(Stored items)
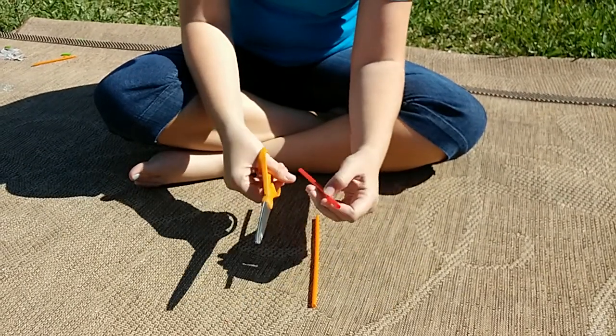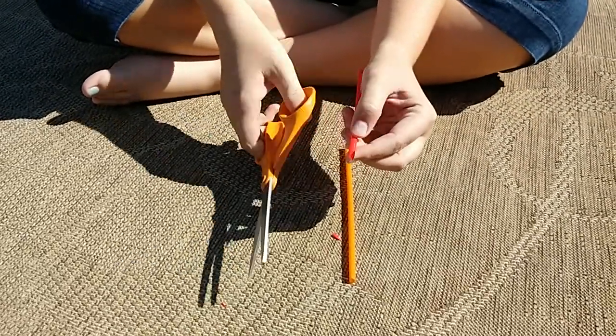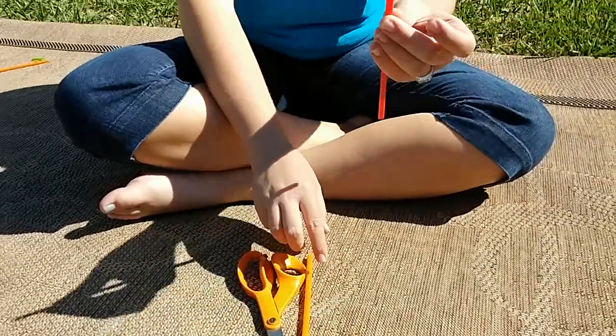You're going to start by cutting a point on the end of your straw, just like this. Then your straw is ready to play.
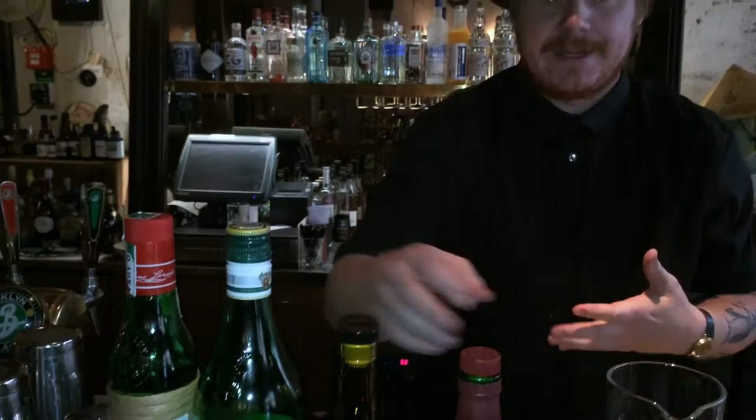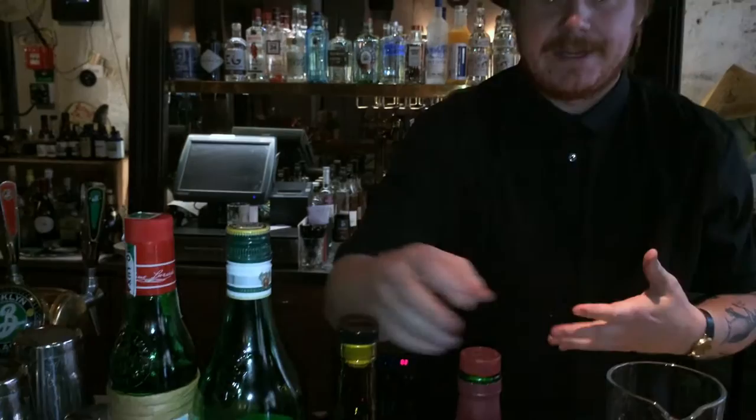We continue with one of my favorite spirits to work with right now, the Chinachina, a French type of vermouth. It's much higher in ABV than most. We're going to do 20ml of that one.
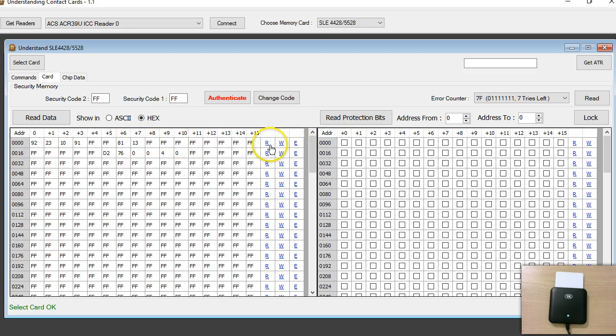Like in my previous software, each row has R, W, and E links. R means read — you can read the data again from the memory card. W means you can type something and write it. E means edit. On the right side you can read the protection bits anytime by clicking R, which fetches the 18 bits from the card. Clicking W lets you write protection bits — but let's not do that now.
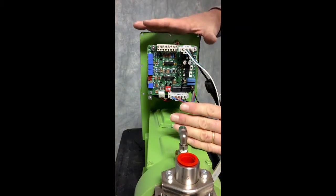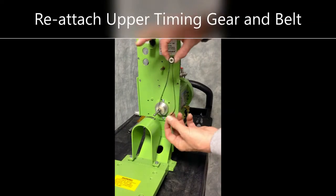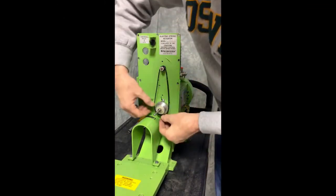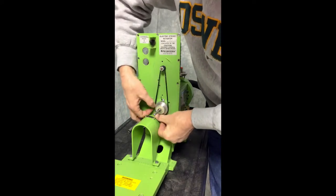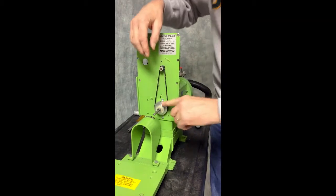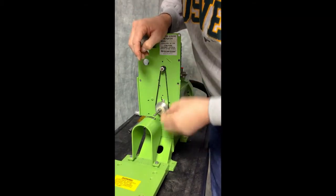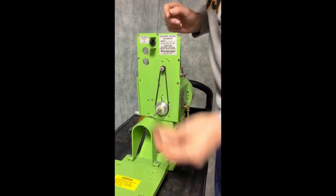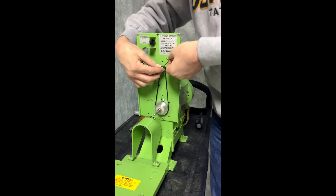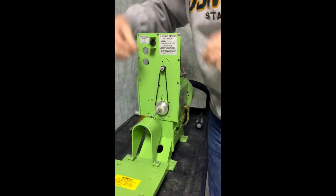That would complete the front half of this rebuild. The next step is to replace the timing gear and belt. We are going to slide the belt on and align it, making sure that the alignment markings that we made earlier are still in the right place. We will take our Allen head and re-tighten and lock that on.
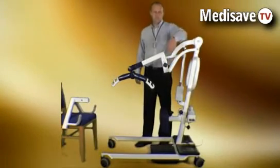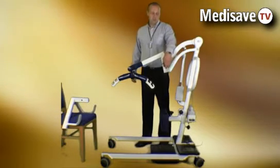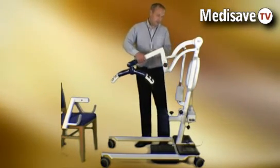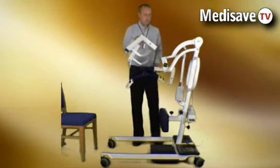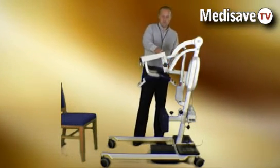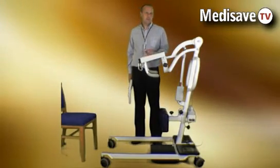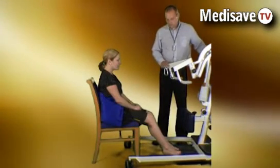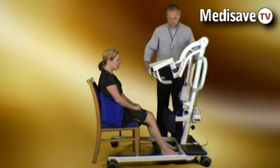The locomotor multi-lift hoist features a dual function where the spreader bar head can be removed and replaced with the stander head, giving two functions in one machine. In the stander function, the multi-lift is brought to the patient.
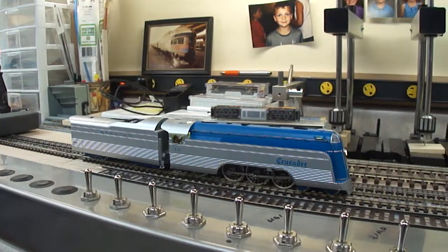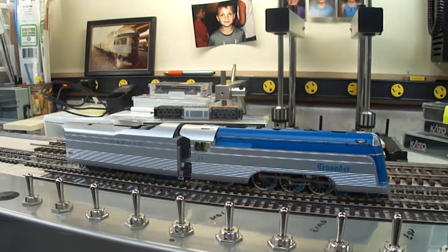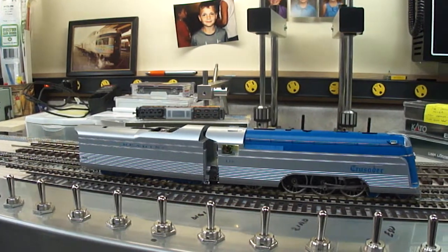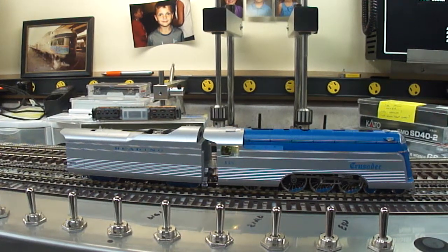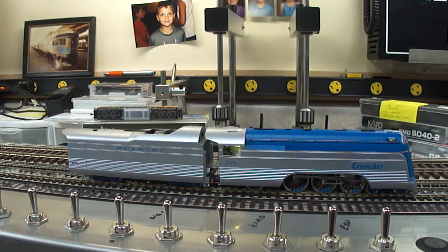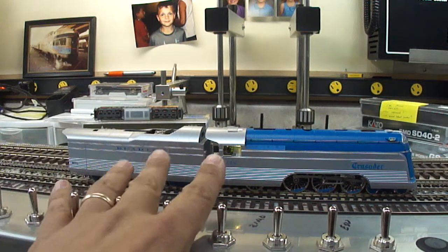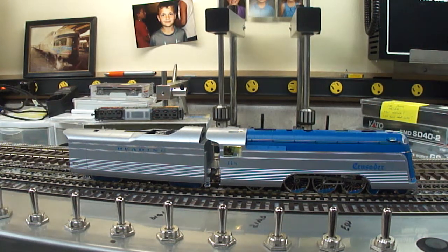You should notice the chuff timing on this. There's no cam installed, and we're hitting four chuffs per revolution perfectly. If you can't see, there's an engineer and a brakeman in the cab.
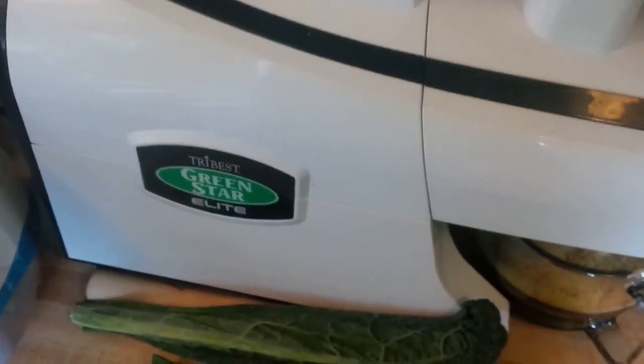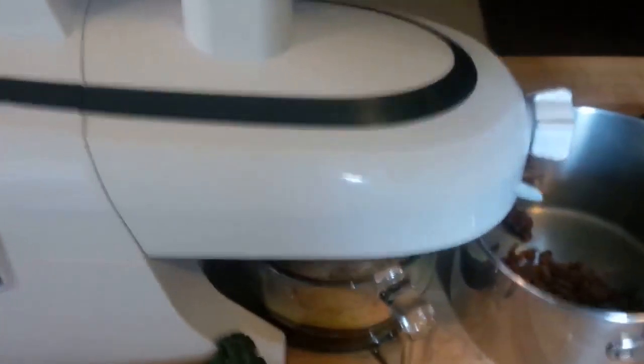This is so cool. This is my new juicer, by the way. Green Star 5000 Deluxe.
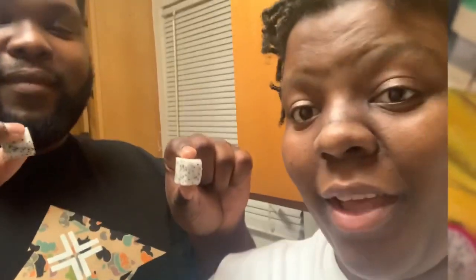Now I'm gonna cut this — trying it for the first time, y'all. Mmm. Surprising — it's not nasty, it's good! It's kind of sweet, it's not tart at all. It's not the sweetest fruit. I thought it was gonna have a little firmness to it but it's real soft, very soft.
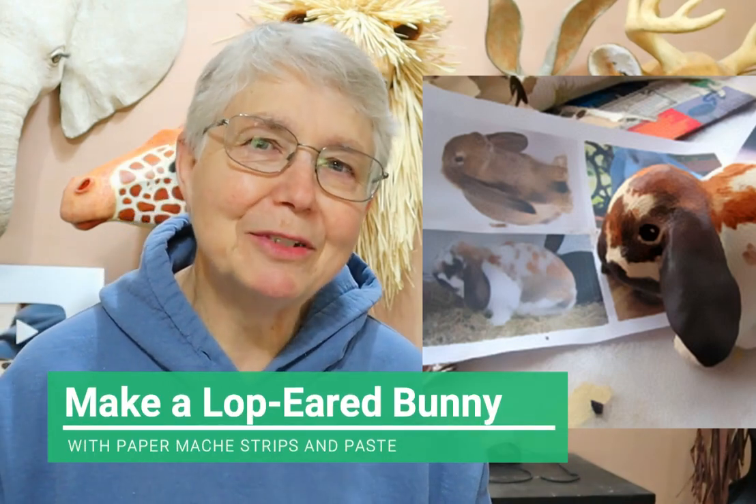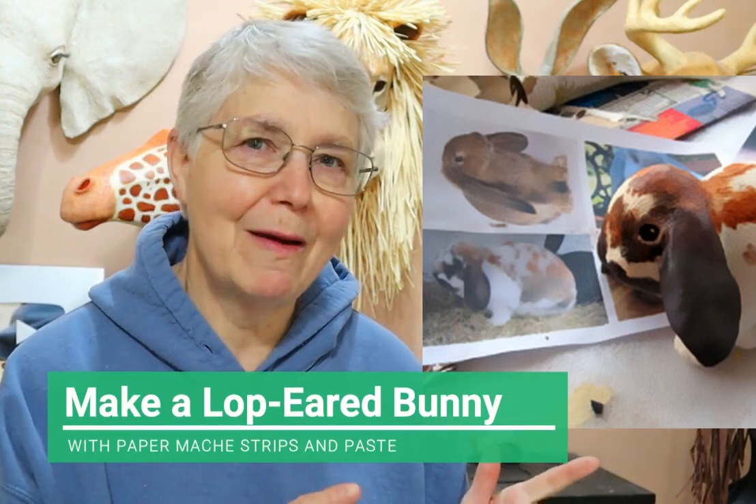Hi, I'm Johnny from UltimatePaperMache.com and today I'm going to show you how I made this little lop-eared bunny. I made her about 11 or 12 years ago, a really long time ago. I don't have her right now — I'm just showing the picture because I don't actually have the real bunny. I gave her away.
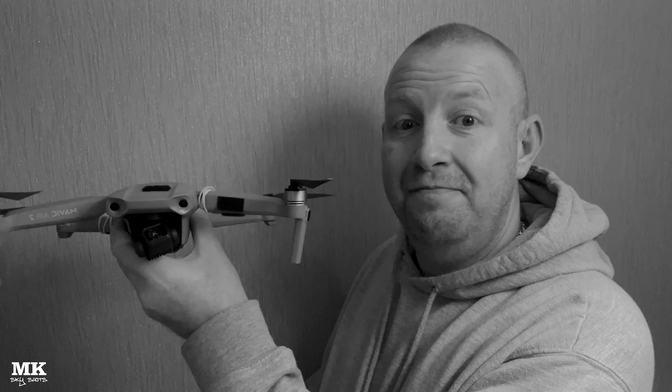Well, it had to happen at some point, didn't it? I've crashed it. I was out at my local lake, nice sunny day, and then disaster struck. I backed this drone into a tree, then into the f***ing lake.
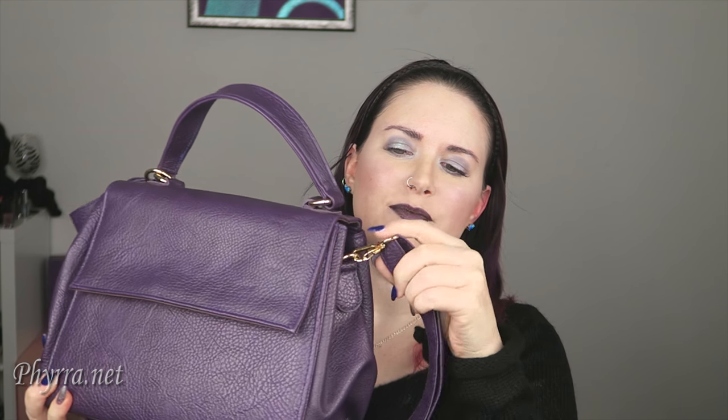It's made from vegan leather, just like all of the other Gunas bags. It comes in 10 different colors, so if purple isn't your thing, it also comes in black, white, blue, and a whole bunch of other colors. This is made from recycled materials and coated in 18 karat gold, and the bag lining on the inside, which is a dark brown for this one, is also made from recycled materials. I really love the attention to detail.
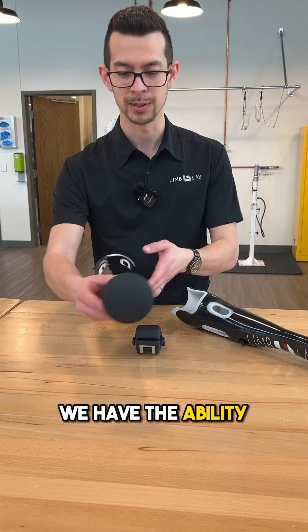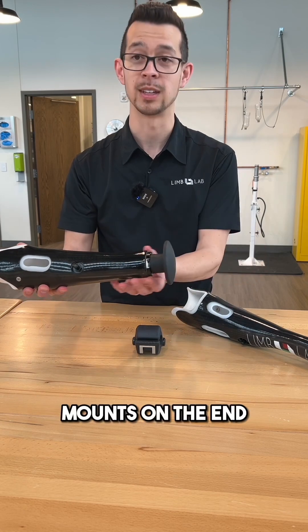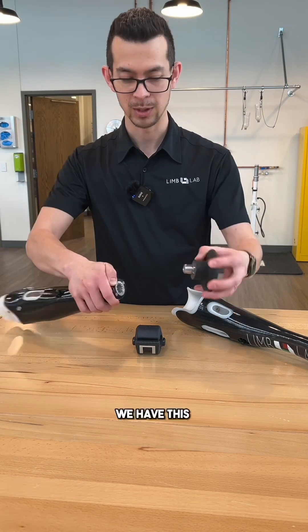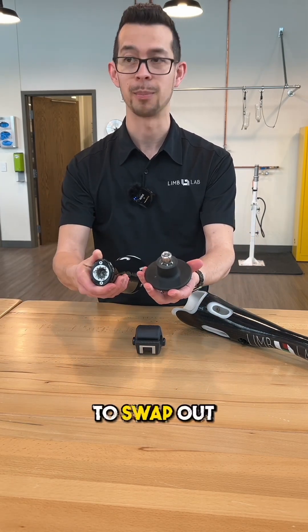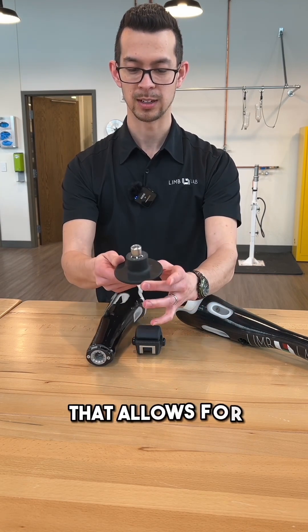Looking at this first one, we have the ability to exchange our terminal devices. A terminal device is what mounts on the end of an upper extremity prosthesis. We have this quick change that allows us to swap out what device we have. This is called a mushroom — a silicone piece that allows for different activities.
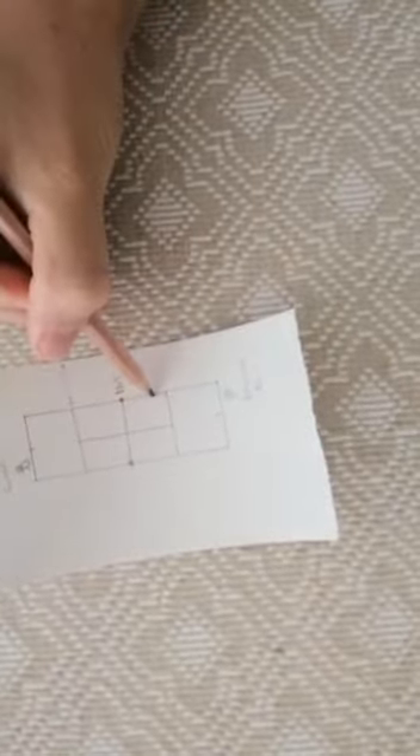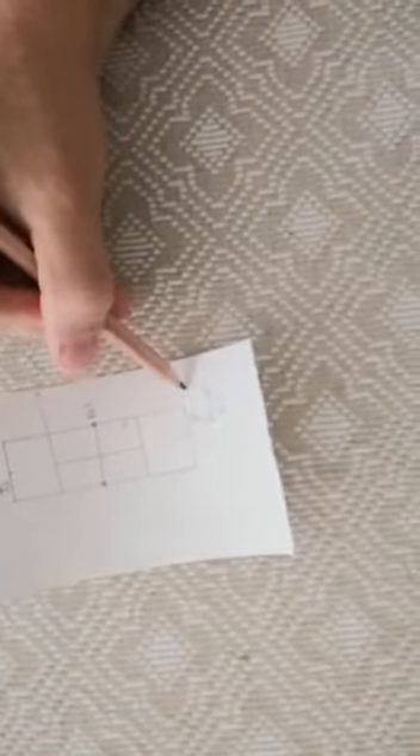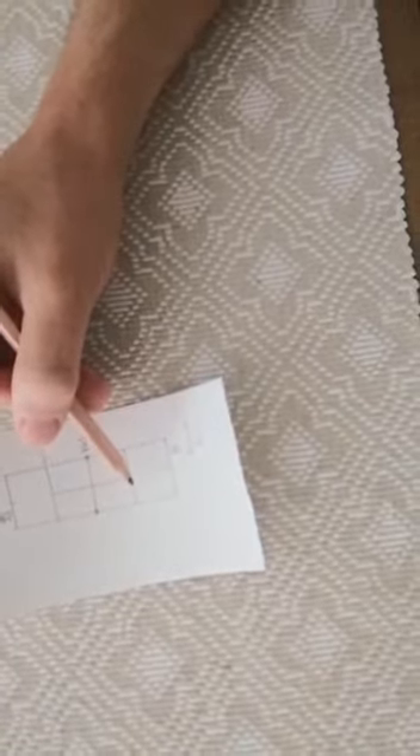Now John has an option. He can serve out wide — he can take the ball, throw it up, serve, and hit it all the way to the side of the block, roughly about there, forcing Paul to run and hit it outside of the tram line area. This should help John hit a next shot which will be either a winner or an attacking shot to help open up the court.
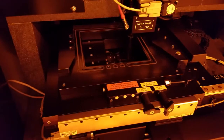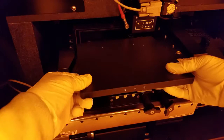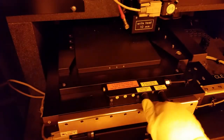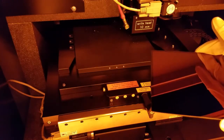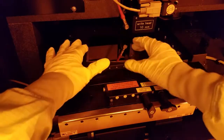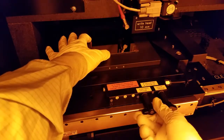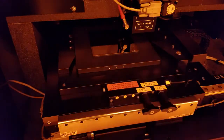Open the door. Put the chuck back on the stage and turn the knobs up and right. Put the sample on the stage and carefully slide it up against the pins and turn on the substrate vacuum. Also give it a little check to make sure that it's secured to the stage.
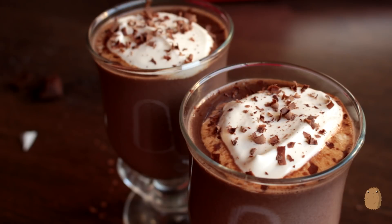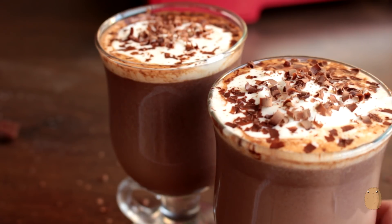Since the cocoa is really hot, everything melts together into a creamy, chocolatey mess.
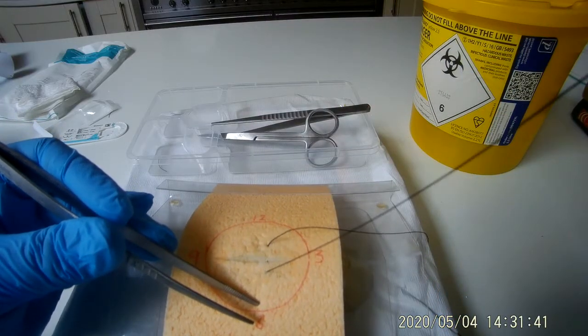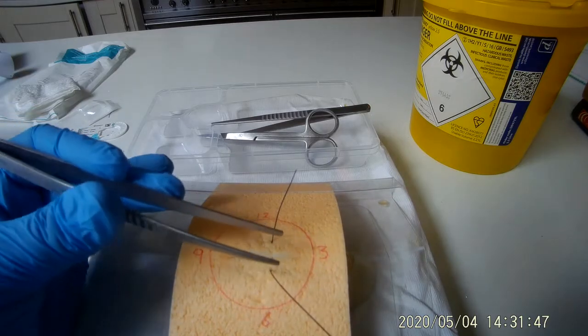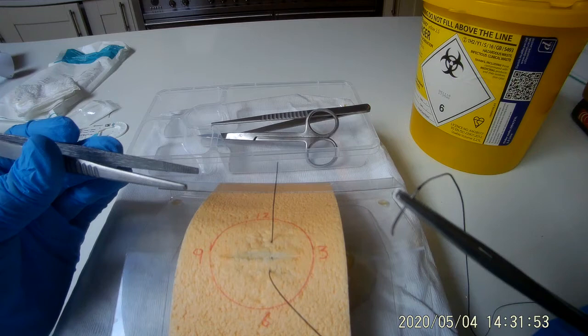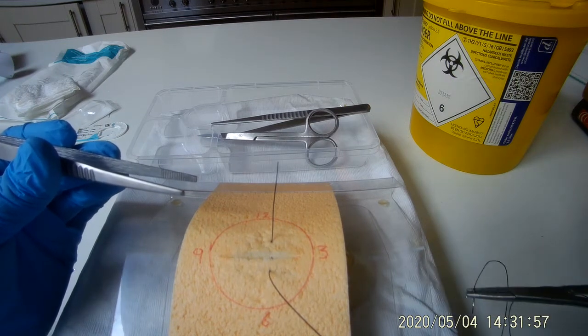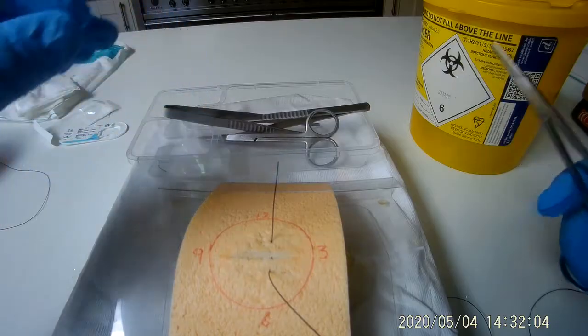Pull the thread through until you leave a small tail, approximately 2 inches long, like this. Put down the non-toothed forceps.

- **Work to be completed**
Nothing in the records should be changed in the copy, but the pictures must be left out.

- **Final answer**
You're going to start by cutting a point on the end of your straw, just like this. Then your straw is ready to play.
We continue with one of my favorite spirits to work with right now, the Chinachina, a French type of vermouth. It's much higher in ABV than most. We're going to do 20ml of that one.
Like in my previous software, each row has R, W, and E links. R means read — you can read the data again from the memory card. W means you can type something and write it. E means edit. On the right side you can read the protection bits anytime by clicking R, which fetches the 18 bits from the card. Clicking W lets you write protection bits — but let's not do that now.
That would complete the front half of this rebuild. The next step is to replace the timing gear and belt. We are going to slide the belt on and align it, making sure that the alignment markings that we made earlier are still in the right place. We will take our Allen head and re-tighten and lock that on.
The locomotor multi-lift hoist features a dual function where the spreader bar head can be removed and replaced with the stander head, giving two functions in one machine. In the stander function, the multi-lift is brought to the patient.
You should notice the chuff timing on this. There's no cam installed, and we're hitting four chuffs per revolution perfectly. If you can't see, there's an engineer and a brakeman in the cab.
This is so cool. This is my new juicer, by the way. Green Star 5000 Deluxe.
Now I'm gonna cut this — trying it for the first time, y'all. Mmm. Surprising — it's not nasty, it's good! It's kind of sweet, it's not tart at all. It's not the sweetest fruit. I thought it was gonna have a little firmness to it but it's real soft, very soft.
Hi, I'm Johnny from UltimatePaperMache.com and today I'm going to show you how I made this little lop-eared bunny. I made her about 11 or 12 years ago, a really long time ago. I don't have her right now — I'm just showing the picture because I don't actually have the real bunny. I gave her away.
Well, it had to happen at some point, didn't it? I've crashed it. I was out at my local lake, nice sunny day, and then disaster struck. I backed this drone into a tree, then into the f***ing lake.
It's made from vegan leather, just like all of the other Gunas bags. It comes in 10 different colors, so if purple isn't your thing, it also comes in black, white, blue, and a whole bunch of other colors. This is made from recycled materials and coated in 18 karat gold, and the bag lining on the inside, which is a dark brown for this one, is also made from recycled materials. I really love the attention to detail.
Looking at this first one, we have the ability to exchange our terminal devices. A terminal device is what mounts on the end of an upper extremity prosthesis. We have this quick change that allows us to swap out what device we have. This is called a mushroom — a silicone piece that allows for different activities.
Now John has an option. He can serve out wide — he can take the ball, throw it up, serve, and hit it all the way to the side of the block, roughly about there, forcing Paul to run and hit it outside of the tram line area. This should help John hit a next shot which will be either a winner or an attacking shot to help open up the court.
Open the door. Put the chuck back on the stage and turn the knobs up and right. Put the sample on the stage and carefully slide it up against the pins and turn on the substrate vacuum. Also give it a little check to make sure that it's secured to the stage.
Since the cocoa is really hot, everything melts together into a creamy, chocolatey mess.
Pull the thread through until you leave a small tail, approximately 2 inches long, like this. Put down the non-toothed forceps.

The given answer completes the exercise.